At first, I thought I would throw all the ingredients into a pan with a bit of flour and a few eggs, add a bit of vanilla, and call it a day. But then I found an Ina Garten lemon cake recipe that started me down a garden path…
Although no step was difficult and each one led inexorably to the next, I will admit that my original plan had not included a cider syrup to moisten the cake after baking and a glaze to finish it off. No matter. When we cut into this glazed apple cider loaf cake, I was awed. Moist, subtly flavored, and not overly sweet, by the end of the first piece, I knew I wouldn’t be able to resist. And two of us polished off the entire loaf in record time.
There are a couple of tips to making this loaf cake look and taste so good.
- Use dried apples, not fresh. The ratio of liquid to solids assumes that the apples are dried. Plus, the dried ones have a concentrated “appley” taste.
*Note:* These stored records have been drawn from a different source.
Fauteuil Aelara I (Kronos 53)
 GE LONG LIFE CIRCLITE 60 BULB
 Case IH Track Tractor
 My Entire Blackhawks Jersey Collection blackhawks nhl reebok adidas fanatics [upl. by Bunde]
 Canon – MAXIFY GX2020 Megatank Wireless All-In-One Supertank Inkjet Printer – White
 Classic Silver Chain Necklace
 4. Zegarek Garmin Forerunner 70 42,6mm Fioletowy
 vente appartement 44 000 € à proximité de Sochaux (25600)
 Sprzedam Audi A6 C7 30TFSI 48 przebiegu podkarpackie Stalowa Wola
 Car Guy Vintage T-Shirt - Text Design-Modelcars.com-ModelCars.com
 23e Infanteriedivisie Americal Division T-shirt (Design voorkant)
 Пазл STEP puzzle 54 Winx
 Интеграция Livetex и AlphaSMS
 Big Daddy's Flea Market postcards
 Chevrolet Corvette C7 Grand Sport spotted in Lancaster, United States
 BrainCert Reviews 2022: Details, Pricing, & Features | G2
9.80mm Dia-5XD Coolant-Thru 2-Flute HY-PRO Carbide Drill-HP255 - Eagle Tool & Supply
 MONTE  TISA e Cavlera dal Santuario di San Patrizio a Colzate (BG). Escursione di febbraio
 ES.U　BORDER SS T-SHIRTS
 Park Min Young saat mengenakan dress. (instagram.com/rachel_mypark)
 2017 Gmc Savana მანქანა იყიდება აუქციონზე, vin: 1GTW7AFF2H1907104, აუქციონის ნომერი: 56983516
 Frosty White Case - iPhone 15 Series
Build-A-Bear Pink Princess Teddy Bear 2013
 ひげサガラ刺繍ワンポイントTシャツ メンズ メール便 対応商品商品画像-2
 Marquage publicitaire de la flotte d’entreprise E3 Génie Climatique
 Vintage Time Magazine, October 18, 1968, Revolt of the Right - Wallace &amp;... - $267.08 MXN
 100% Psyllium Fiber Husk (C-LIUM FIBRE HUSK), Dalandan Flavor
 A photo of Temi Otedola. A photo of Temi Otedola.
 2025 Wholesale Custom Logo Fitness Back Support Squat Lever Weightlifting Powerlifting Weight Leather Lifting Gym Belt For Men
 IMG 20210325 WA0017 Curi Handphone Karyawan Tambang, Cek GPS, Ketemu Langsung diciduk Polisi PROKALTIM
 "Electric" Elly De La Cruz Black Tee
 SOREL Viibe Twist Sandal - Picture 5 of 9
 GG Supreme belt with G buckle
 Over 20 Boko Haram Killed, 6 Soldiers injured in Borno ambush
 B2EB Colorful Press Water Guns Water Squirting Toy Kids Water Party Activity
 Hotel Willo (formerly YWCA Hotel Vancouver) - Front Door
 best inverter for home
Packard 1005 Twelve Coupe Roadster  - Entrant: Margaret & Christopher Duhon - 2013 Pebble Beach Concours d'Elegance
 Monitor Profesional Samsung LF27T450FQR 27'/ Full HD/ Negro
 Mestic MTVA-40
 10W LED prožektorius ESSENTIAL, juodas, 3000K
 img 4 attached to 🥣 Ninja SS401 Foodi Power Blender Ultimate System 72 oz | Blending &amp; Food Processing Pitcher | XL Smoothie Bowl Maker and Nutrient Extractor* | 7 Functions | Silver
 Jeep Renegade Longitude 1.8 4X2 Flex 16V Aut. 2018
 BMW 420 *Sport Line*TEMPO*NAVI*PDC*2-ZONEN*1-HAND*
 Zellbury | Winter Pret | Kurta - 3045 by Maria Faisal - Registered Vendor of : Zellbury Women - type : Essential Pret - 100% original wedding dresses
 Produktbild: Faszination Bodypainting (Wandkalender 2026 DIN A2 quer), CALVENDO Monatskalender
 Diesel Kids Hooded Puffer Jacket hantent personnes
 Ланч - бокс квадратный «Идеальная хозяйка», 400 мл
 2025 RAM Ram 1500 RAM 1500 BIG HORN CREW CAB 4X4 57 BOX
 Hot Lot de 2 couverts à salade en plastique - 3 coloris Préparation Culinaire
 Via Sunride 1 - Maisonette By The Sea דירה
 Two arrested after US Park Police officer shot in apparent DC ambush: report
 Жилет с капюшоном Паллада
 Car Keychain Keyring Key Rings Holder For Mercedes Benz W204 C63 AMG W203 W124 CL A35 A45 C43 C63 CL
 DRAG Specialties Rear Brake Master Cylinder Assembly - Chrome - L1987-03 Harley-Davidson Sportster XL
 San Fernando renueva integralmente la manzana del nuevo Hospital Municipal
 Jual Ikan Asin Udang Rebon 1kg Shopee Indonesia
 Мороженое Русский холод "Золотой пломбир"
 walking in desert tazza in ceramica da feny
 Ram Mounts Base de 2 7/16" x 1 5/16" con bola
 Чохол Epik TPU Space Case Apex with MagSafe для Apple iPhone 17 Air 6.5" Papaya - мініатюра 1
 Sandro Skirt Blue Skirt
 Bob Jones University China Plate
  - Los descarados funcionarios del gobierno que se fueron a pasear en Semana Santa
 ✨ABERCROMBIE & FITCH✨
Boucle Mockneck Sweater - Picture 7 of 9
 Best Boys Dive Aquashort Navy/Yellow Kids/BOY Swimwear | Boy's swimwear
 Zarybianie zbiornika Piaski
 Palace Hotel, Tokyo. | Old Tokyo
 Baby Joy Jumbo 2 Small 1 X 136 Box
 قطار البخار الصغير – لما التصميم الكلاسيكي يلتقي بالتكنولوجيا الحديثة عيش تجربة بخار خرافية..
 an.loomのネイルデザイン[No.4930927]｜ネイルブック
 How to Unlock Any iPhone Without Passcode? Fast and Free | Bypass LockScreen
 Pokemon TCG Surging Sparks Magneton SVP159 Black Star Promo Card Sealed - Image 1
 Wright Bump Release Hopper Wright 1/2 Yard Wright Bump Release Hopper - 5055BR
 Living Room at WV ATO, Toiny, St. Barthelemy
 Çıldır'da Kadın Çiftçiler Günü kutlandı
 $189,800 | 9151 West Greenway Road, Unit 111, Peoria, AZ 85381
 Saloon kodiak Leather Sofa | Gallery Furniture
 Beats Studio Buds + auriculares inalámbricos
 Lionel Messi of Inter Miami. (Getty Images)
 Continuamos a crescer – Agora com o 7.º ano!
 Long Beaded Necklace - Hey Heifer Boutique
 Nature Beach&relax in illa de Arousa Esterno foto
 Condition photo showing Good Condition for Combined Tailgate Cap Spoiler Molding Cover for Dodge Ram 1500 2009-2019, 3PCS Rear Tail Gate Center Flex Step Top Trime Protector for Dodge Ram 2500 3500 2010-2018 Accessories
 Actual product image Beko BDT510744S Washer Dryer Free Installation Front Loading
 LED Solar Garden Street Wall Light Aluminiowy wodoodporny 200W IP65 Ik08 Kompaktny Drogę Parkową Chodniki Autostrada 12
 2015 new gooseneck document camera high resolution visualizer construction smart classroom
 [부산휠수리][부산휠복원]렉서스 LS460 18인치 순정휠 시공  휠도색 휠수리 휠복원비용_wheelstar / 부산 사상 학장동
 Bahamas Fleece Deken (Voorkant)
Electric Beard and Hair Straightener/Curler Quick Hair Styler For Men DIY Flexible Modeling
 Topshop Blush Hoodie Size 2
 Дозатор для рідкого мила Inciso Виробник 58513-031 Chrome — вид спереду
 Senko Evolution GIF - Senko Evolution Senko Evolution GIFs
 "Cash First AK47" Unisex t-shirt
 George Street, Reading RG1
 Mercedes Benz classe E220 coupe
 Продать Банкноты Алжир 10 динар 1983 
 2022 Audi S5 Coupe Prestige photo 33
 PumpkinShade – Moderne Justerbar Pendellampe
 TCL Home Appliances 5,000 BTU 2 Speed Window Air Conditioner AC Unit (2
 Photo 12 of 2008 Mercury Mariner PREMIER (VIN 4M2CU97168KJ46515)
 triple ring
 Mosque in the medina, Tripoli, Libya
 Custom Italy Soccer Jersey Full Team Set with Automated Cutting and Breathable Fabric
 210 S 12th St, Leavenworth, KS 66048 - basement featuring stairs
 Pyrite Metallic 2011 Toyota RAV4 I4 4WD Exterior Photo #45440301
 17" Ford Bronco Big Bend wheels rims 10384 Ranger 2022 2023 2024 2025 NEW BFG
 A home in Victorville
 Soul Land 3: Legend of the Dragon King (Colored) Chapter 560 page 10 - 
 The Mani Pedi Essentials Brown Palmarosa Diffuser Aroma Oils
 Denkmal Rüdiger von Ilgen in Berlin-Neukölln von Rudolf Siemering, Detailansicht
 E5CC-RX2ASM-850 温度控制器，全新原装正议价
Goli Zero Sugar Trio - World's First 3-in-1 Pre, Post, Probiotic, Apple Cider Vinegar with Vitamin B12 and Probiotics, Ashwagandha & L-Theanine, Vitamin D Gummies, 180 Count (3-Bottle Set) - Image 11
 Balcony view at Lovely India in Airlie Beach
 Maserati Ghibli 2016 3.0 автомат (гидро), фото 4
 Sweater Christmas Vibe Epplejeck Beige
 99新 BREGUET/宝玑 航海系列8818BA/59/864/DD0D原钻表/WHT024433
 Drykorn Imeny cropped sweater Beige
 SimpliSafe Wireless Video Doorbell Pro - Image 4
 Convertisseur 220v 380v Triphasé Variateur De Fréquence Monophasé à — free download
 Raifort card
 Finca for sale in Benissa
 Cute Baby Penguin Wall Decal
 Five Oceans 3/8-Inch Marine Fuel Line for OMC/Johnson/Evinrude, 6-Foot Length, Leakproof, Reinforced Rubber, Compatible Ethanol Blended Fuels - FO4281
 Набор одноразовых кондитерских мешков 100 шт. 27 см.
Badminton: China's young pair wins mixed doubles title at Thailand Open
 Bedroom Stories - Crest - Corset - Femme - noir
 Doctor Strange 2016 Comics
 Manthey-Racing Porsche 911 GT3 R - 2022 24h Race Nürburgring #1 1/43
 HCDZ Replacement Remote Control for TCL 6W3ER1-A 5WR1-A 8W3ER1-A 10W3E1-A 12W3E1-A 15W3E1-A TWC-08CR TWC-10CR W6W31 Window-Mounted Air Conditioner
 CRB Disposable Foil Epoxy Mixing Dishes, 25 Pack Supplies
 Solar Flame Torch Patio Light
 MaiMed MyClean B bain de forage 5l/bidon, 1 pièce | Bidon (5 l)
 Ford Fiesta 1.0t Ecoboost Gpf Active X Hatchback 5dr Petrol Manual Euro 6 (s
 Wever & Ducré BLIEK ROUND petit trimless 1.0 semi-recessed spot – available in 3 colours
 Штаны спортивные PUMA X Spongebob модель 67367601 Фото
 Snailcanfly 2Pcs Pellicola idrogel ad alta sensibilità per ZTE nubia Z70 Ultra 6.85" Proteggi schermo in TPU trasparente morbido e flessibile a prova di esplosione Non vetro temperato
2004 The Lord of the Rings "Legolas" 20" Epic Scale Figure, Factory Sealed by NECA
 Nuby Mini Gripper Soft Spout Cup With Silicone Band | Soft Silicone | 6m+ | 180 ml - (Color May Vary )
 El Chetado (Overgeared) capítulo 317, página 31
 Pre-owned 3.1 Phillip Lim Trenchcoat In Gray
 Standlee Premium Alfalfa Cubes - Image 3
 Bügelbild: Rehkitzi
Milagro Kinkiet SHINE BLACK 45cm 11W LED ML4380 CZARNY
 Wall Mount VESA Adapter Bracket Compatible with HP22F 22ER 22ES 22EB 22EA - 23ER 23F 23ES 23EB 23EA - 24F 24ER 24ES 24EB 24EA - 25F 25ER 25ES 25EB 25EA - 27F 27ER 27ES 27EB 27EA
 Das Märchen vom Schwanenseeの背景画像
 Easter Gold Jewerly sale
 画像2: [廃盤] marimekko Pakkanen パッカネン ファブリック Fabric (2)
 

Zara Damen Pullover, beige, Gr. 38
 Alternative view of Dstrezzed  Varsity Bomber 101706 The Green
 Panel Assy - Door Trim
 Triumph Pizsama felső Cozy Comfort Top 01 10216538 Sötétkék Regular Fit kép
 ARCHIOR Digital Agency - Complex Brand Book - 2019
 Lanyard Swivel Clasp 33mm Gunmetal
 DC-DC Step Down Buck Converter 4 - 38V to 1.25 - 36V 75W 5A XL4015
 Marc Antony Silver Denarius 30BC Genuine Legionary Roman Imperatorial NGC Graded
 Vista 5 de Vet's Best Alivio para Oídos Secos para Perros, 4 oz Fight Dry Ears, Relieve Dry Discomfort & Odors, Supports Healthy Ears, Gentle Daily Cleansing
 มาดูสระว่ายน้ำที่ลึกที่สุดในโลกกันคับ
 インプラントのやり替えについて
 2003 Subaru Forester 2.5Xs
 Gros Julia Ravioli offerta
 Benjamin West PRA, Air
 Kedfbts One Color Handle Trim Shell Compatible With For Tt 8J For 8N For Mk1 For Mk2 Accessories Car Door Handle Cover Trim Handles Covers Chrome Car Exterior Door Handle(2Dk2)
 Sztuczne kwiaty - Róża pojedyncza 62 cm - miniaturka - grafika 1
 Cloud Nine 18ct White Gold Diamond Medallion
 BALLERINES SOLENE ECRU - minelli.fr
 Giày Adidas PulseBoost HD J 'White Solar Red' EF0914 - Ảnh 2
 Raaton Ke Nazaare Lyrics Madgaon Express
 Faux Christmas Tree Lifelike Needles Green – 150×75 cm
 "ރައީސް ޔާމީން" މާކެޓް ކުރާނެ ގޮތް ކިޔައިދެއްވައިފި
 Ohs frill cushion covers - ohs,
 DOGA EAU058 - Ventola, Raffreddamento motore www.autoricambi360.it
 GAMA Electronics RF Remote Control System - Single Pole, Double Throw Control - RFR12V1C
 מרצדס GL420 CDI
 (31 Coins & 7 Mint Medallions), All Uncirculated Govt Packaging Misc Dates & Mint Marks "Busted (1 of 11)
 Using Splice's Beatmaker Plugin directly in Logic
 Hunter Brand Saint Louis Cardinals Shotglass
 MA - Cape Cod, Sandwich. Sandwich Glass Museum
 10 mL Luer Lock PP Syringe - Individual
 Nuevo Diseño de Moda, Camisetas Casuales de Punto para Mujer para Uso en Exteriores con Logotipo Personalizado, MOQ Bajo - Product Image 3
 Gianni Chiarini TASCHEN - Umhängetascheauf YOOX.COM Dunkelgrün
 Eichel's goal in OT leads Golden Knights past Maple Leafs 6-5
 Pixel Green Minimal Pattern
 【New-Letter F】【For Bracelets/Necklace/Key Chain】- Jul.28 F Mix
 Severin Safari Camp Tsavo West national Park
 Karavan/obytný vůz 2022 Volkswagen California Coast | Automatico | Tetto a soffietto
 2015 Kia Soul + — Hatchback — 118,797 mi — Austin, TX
- Make sure the butter is room temperature and cream it well with the sugar. Advice from someone who should know better: take the butter out of the refrigerator and let it come to room temperature on the counter. Using a microwave to speed up the process, even at a low setting,is a chancy proposition that too often turns the butter into glop or a melted mess. The combination of room temperature butter, creamed with sugar gives the cake its airy texture and helps it to rise. (Eggs for baking should always be at room temperature. If yours are straight from the refrigerator, put them in a bowl of warm water for several minutes, until the outside of the eggs feel warm.)
- Follow the directions for alternating dry and wet ingredients – don’t take a short-cut and dump them in all at once.
- Use parchment paper to form a cradle for lifting out the cake from the pan. A few inches of paper on the longer sides of the pan become handles that you can use to lift the loaf cake out of the pan without turning it upside down or worrying about anything sticking to the bottom.
- If the top of the cake looks done before the inside is fully baked, lightly cover it with a small sheet of aluminum foil, which prevents the top from burning as you continue to bake it.
- Add the cider syrup while the cake is still warm and wait until it is quite cool before adding the glaze. The syrup needs the warmth to sink into the cake and the glaze has to be added only once the cake has fully cooled or you’ll end up with melted glaze that doesn’t look pretty.